Wednesday, March 07, 2007

Numbers and Notes -- Slip Sliding Away

The monthly Gallup Poll is out and there’s bad news aplenty for some of the trailers. It’s hard to say who received the biggest hit, but John McCain has to be very uncomfortable at the moment. He trails Giuliani 44-20 and his percentage has been steadily eroding for three months. Given the historical tendencies of the GOP, Giuliani’s clear front-runner status has to make McCain very nervous. Romney can take heart in the RNC polling by the LA Times, which found him the favorite among insiders, although with only 20%. Even there, McCain is not well situated, getting support from only 10% of the politicos.
Over in the weekly Rasmussen Poll, Giuliani’s lead has been about 15 since mid-February, with McCain consistently under 20%.


The latest Quinnipiac Poll has PA solidly for Rudy, with him leading Clinton 51-40. This is exactly the kind of polling data that can cause Republicans to line up behind him. It’s one thing for Democrats to get excited about their chances in Western states like CO, NV, and AZ, it’s quite another for Republicans to be favored in PA and NJ.


Mitt Romney has plans to launch an early media blitz to introduce himself to America. This seems like a good idea in that most Americans have never heard of him. On the plus side, it means his relatively low poll numbers can jump up if he can make a positive impression. On the other hand, he’s third in NH polling with 17%, and since he was Governor of Massachusetts, those people do know who he is.


On the Democratic side, Hillary is still leading, with sizeable leads in NY and CA polling. Obama still has plenty of time to make a move, since many people still don’t know who he is. As I pointed out earlier, in head to head matchups, Hillary is over 50%, which means votes have to be taken away from her.


The Clinton campaign has decided to organize women behind her under the banner Women For Hillary. Since 54% of the voters in 2004 were women, there are worse ideas. The danger, of course, is that this could turn off men. I know what you’re thinking – how can Hillary turn off men more than she already does? But I think it’s possible and that in a close race, men could be suspicious of Hillary’s agenda and shift to a male candidate.

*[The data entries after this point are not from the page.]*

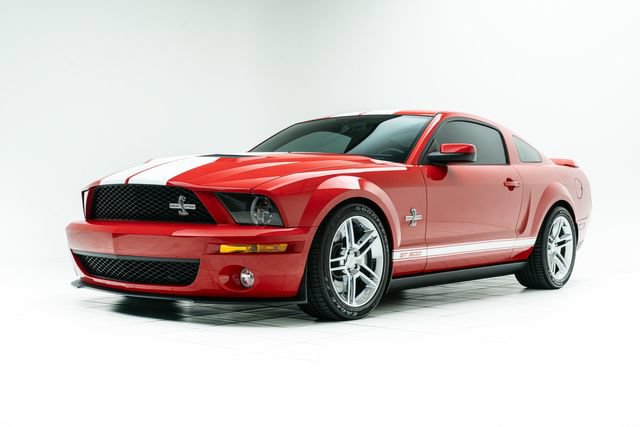 Used 2009 Ford Mustang Shelby GT500 RWD image 8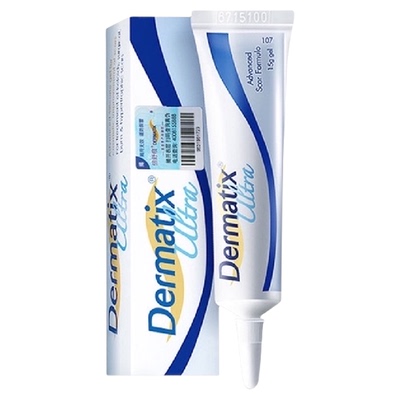 倍舒痕硅凝胶修复去疤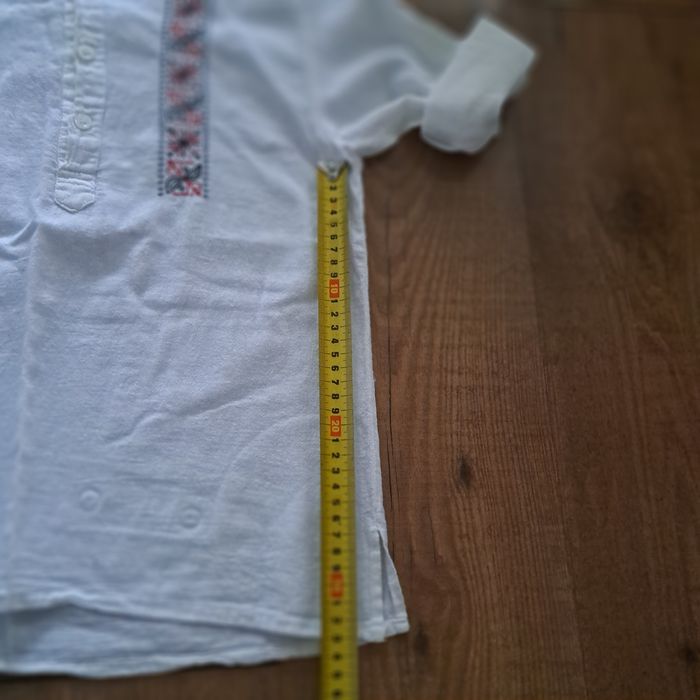 Българска народна риза с шевици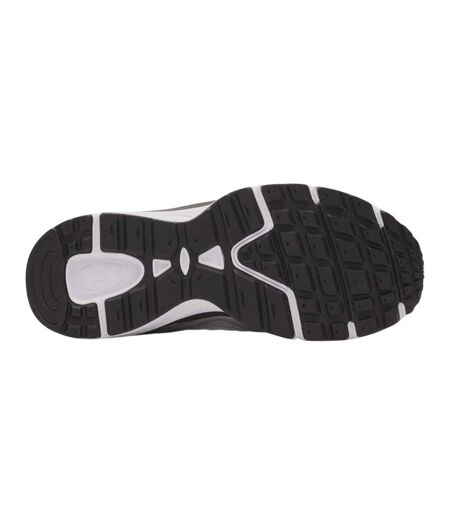 Womens/ladies Performance Tech Trainers White Silver Under Armour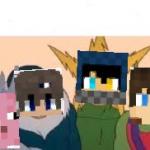 Minecraft Me and the Boys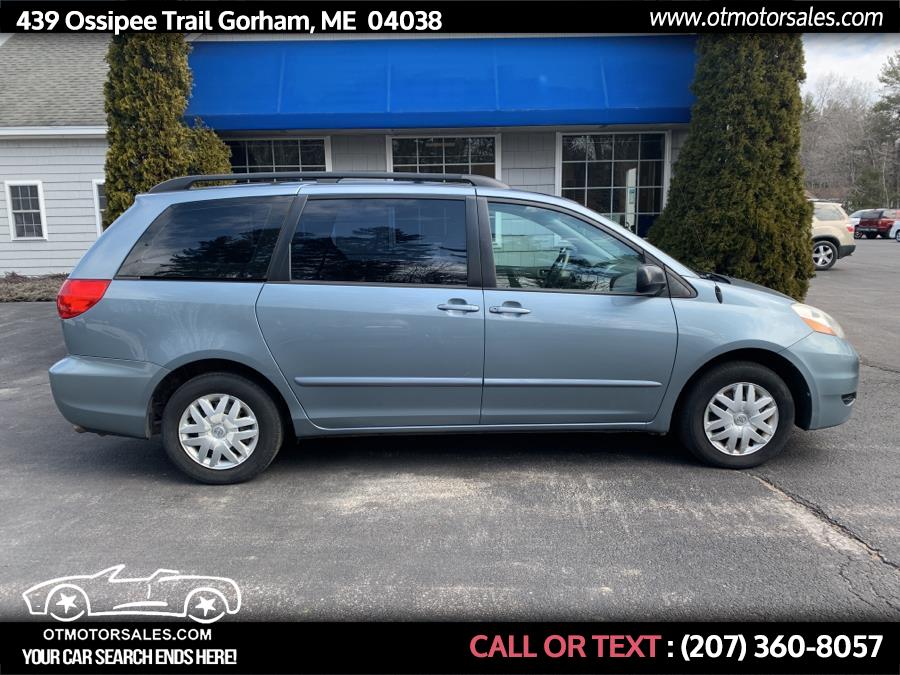 2010 Toyota Sienna wagon, available for sale in Gorham, Maine | Ossipee Trail Motor Sales. Gorham, Maine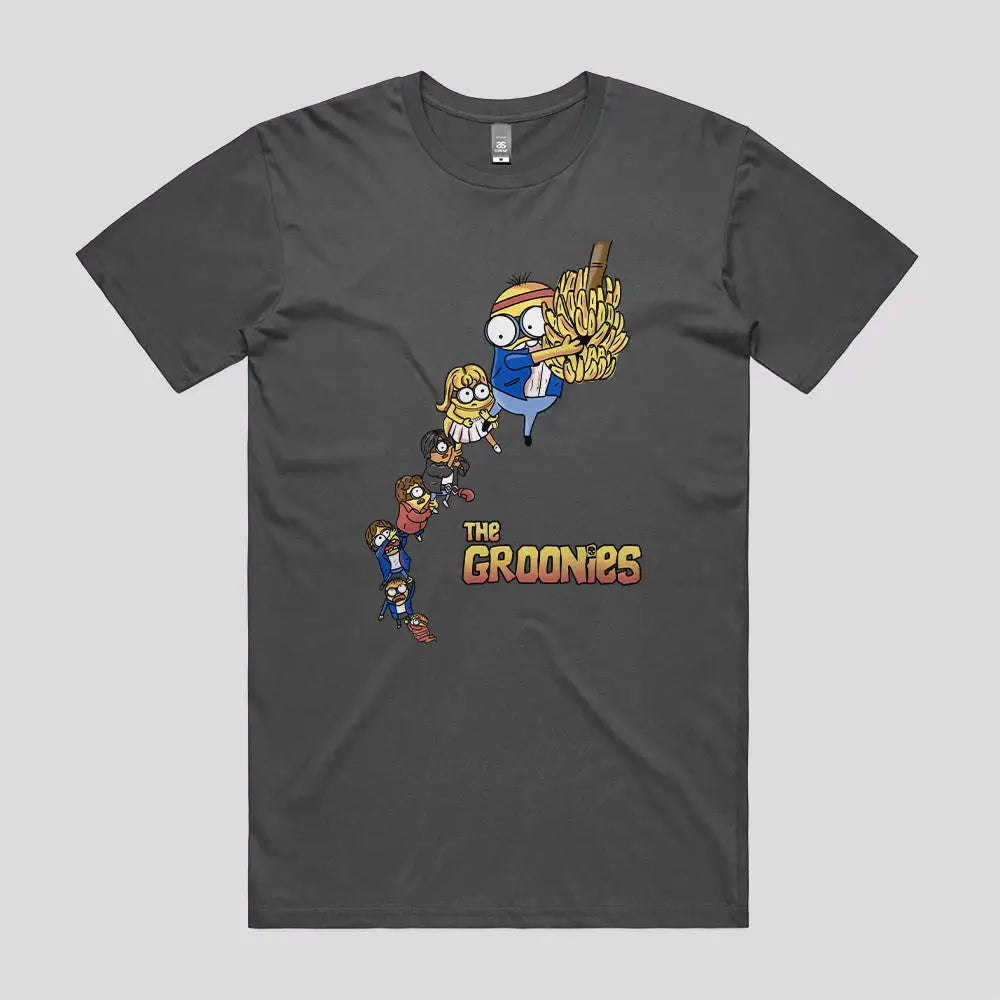 The Groonies T-Shirt - Limitee Apparel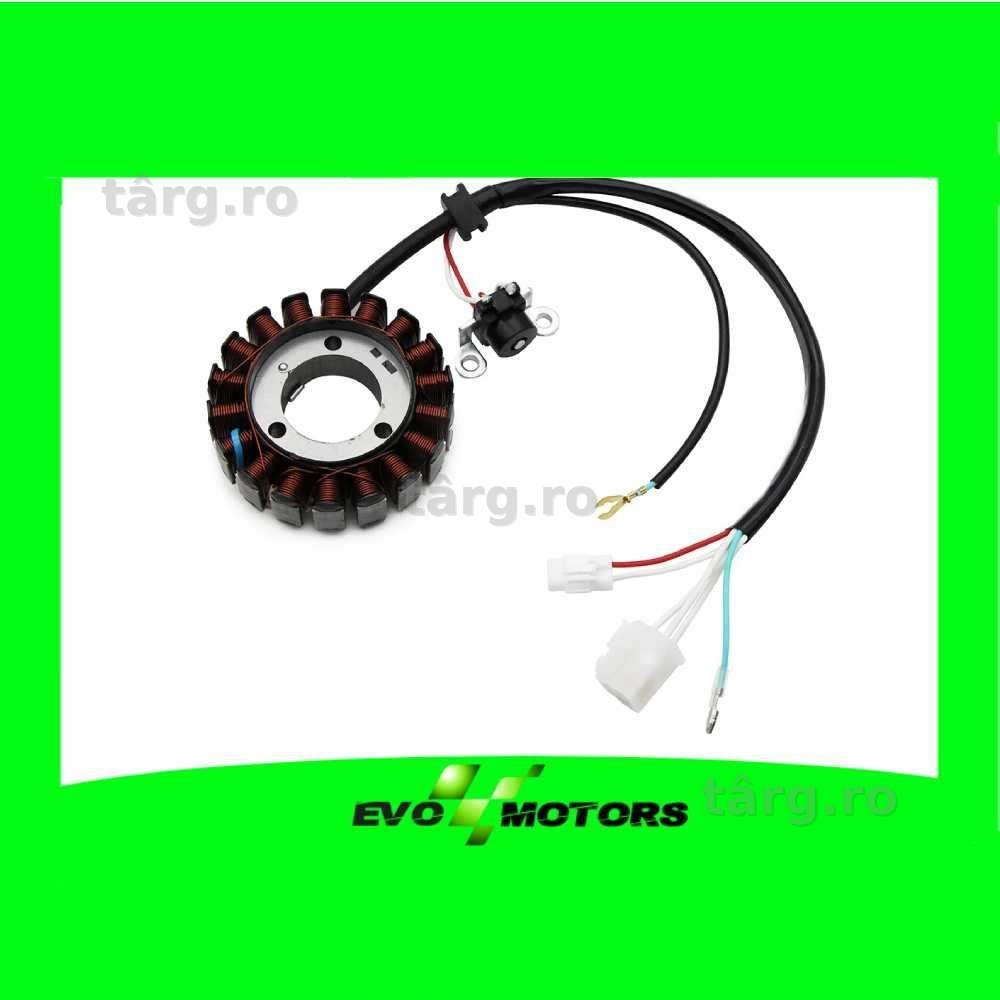 Stator alternator Yamaha YB125 2007 2009 YBR125 2010 2014 A907 bobina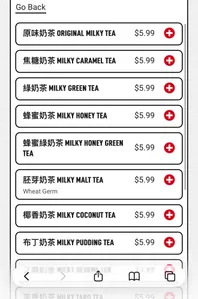 Typhoon Bubble Tea Taiwanese Cuisine - Taiwanese & HK Cafe restaurant in Richmond – fine dining dishes, interior photos, and ambiance.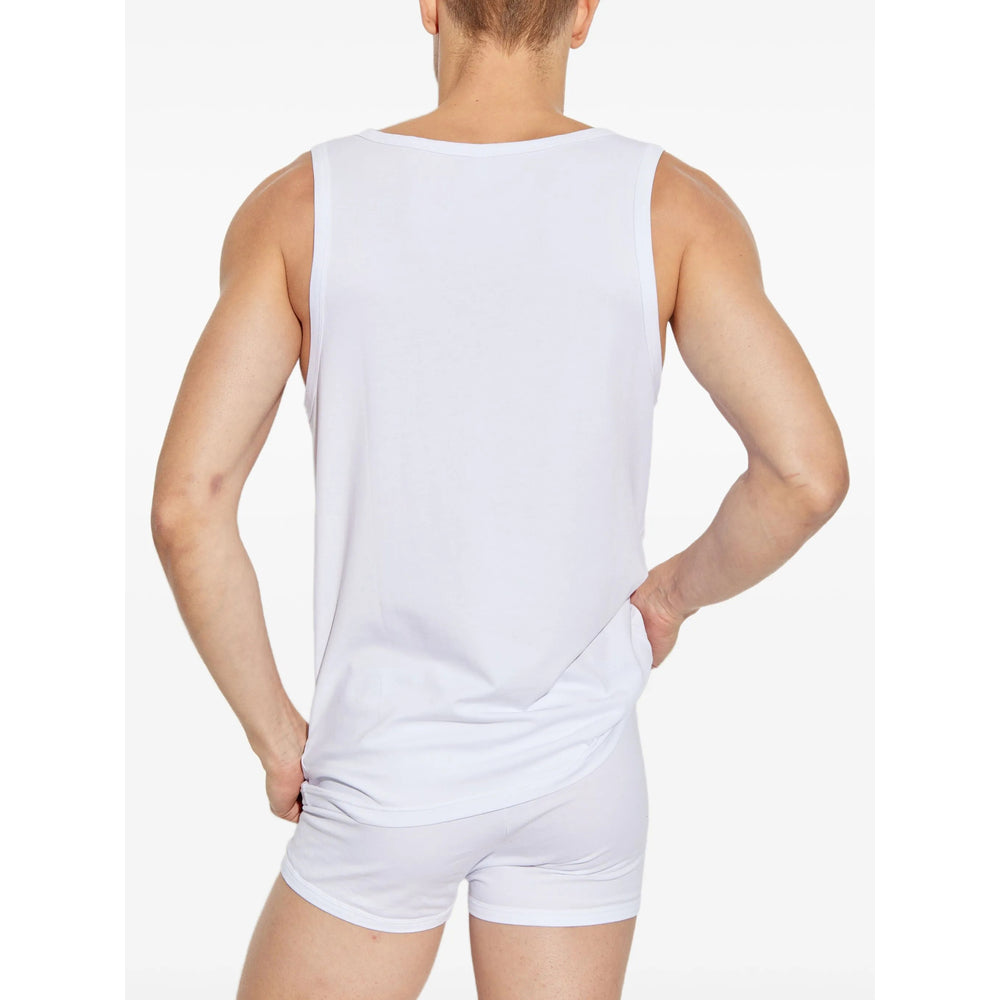 Moschino Underwear T Shirt - Nero, Bianco | 3e0fdc313117e2ca740fda52656eab9afa3c41fd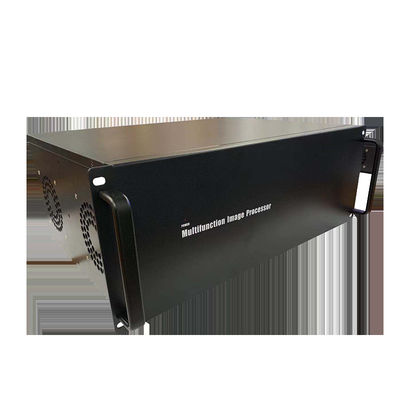 1, AI-9 FTTN Multi-Function Tiled Display Processor Videoconferentiecamera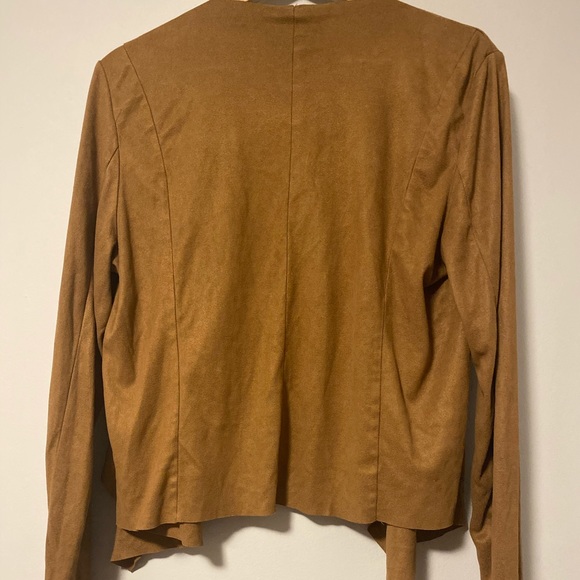 STRADIVARIUS SOFT JACKET - Picture 2 of 2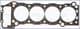 10088700 Ajusa Прокладка ГБЦ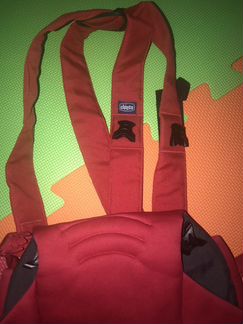 Chicco easy fit переноска новая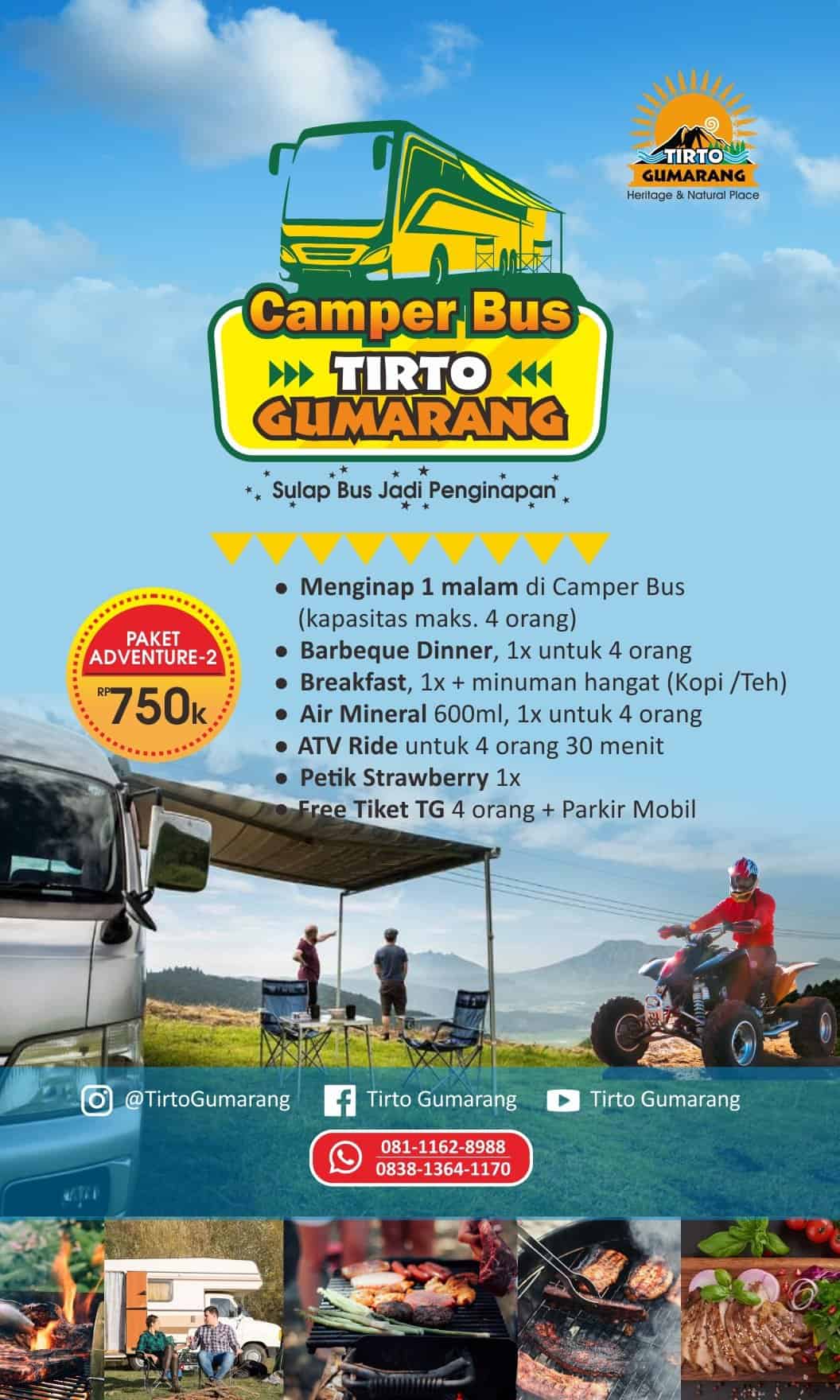 camper bus di tirto gumarang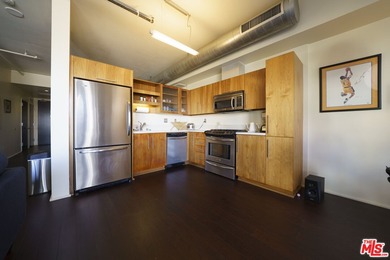 This is a beautiful West facing *soft-loft* condo in Luma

I haven’t mentioned John Edwards yet, even though the title of this edition of N&N refers to him as well as McCain. The latest Gallup Poll is quite unpleasant for him, as he dropped from 13% to 9%, while Al Gore, on the strength of his Oscar appearance, went from 14 to 18%. Having half as much support as someone who is not running is never a good thing. He still does well in head to head matchups with Republicans, the problem is in his own party. The high point of his week was being called a faggot by Ann Coulter, the High Priestess of Hate. Edwards is actually trying to use the evil anorexic’s attack to raise money – actually featuring her on the front page of his web site. When you’re depending on the nastiness of strangers, your campaign ain’t all it needs to be.